§ TASK OBJECTIVE: Would you reproduce the entries that follow exactly as they appear?

§ DATA EXTRACTS:
· · · · ·

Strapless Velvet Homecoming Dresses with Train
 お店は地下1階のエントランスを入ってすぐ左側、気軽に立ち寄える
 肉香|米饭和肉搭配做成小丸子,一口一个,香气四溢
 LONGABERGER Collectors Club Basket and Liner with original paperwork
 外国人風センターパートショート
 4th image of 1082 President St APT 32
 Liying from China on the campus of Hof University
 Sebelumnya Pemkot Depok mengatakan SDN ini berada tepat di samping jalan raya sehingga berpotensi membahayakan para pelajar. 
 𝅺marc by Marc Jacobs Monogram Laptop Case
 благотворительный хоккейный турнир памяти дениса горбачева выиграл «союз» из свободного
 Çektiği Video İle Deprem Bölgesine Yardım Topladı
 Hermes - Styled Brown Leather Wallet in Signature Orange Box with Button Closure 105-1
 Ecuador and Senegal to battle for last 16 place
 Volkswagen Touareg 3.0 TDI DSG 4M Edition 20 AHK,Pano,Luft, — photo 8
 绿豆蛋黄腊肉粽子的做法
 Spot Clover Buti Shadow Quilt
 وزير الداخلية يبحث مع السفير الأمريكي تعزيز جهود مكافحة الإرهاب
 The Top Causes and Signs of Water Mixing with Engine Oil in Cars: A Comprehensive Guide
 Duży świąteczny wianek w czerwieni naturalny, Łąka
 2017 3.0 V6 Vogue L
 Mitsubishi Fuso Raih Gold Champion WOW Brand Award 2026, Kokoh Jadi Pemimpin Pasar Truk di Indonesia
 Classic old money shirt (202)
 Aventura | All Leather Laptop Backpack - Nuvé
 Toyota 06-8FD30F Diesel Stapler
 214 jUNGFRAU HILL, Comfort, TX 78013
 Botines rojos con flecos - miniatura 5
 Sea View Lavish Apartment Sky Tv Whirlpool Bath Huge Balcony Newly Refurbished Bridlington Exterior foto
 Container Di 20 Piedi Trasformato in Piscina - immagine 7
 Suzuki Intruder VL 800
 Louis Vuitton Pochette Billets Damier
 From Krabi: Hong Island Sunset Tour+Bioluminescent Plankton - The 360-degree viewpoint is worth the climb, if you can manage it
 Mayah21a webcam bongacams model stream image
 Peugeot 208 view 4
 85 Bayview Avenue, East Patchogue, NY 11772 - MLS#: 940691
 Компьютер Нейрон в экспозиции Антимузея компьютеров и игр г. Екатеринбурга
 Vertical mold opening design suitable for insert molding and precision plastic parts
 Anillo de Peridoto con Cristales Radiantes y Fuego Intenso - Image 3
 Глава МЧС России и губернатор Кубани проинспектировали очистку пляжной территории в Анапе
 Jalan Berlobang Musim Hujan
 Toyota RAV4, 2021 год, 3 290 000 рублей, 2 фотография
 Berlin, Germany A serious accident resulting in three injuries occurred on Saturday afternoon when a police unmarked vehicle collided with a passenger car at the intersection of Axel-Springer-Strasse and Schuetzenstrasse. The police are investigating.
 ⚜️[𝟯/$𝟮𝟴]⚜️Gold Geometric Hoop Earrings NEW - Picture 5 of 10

· · · · ·

§ EXPECTED ANSWER:
Strapless Velvet Homecoming Dresses with Train
 お店は地下1階のエントランスを入ってすぐ左側、気軽に立ち寄える
 肉香|米饭和肉搭配做成小丸子,一口一个,香气四溢
 LONGABERGER Collectors Club Basket and Liner with original paperwork
 外国人風センターパートショート
 4th image of 1082 President St APT 32
 Liying from China on the campus of Hof University
 Sebelumnya Pemkot Depok mengatakan SDN ini berada tepat di samping jalan raya sehingga berpotensi membahayakan para pelajar. 
 𝅺marc by Marc Jacobs Monogram Laptop Case
 благотворительный хоккейный турнир памяти дениса горбачева выиграл «союз» из свободного
 Çektiği Video İle Deprem Bölgesine Yardım Topladı
 Hermes - Styled Brown Leather Wallet in Signature Orange Box with Button Closure 105-1
 Ecuador and Senegal to battle for last 16 place
 Volkswagen Touareg 3.0 TDI DSG 4M Edition 20 AHK,Pano,Luft, — photo 8
 绿豆蛋黄腊肉粽子的做法
 Spot Clover Buti Shadow Quilt
 وزير الداخلية يبحث مع السفير الأمريكي تعزيز جهود مكافحة الإرهاب
 The Top Causes and Signs of Water Mixing with Engine Oil in Cars: A Comprehensive Guide
 Duży świąteczny wianek w czerwieni naturalny, Łąka
 2017 3.0 V6 Vogue L
 Mitsubishi Fuso Raih Gold Champion WOW Brand Award 2026, Kokoh Jadi Pemimpin Pasar Truk di Indonesia
 Classic old money shirt (202)
 Aventura | All Leather Laptop Backpack - Nuvé
 Toyota 06-8FD30F Diesel Stapler
 214 jUNGFRAU HILL, Comfort, TX 78013
 Botines rojos con flecos - miniatura 5
 Sea View Lavish Apartment Sky Tv Whirlpool Bath Huge Balcony Newly Refurbished Bridlington Exterior foto
 Container Di 20 Piedi Trasformato in Piscina - immagine 7
 Suzuki Intruder VL 800
 Louis Vuitton Pochette Billets Damier
 From Krabi: Hong Island Sunset Tour+Bioluminescent Plankton - The 360-degree viewpoint is worth the climb, if you can manage it
 Mayah21a webcam bongacams model stream image
 Peugeot 208 view 4
 85 Bayview Avenue, East Patchogue, NY 11772 - MLS#: 940691
 Компьютер Нейрон в экспозиции Антимузея компьютеров и игр г. Екатеринбурга
 Vertical mold opening design suitable for insert molding and precision plastic parts
 Anillo de Peridoto con Cristales Radiantes y Fuego Intenso - Image 3
 Глава МЧС России и губернатор Кубани проинспектировали очистку пляжной территории в Анапе
 Jalan Berlobang Musim Hujan
 Toyota RAV4, 2021 год, 3 290 000 рублей, 2 фотография
 Berlin, Germany A serious accident resulting in three injuries occurred on Saturday afternoon when a police unmarked vehicle collided with a passenger car at the intersection of Axel-Springer-Strasse and Schuetzenstrasse. The police are investigating.
 ⚜️[𝟯/$𝟮𝟴]⚜️Gold Geometric Hoop Earrings NEW - Picture 5 of 10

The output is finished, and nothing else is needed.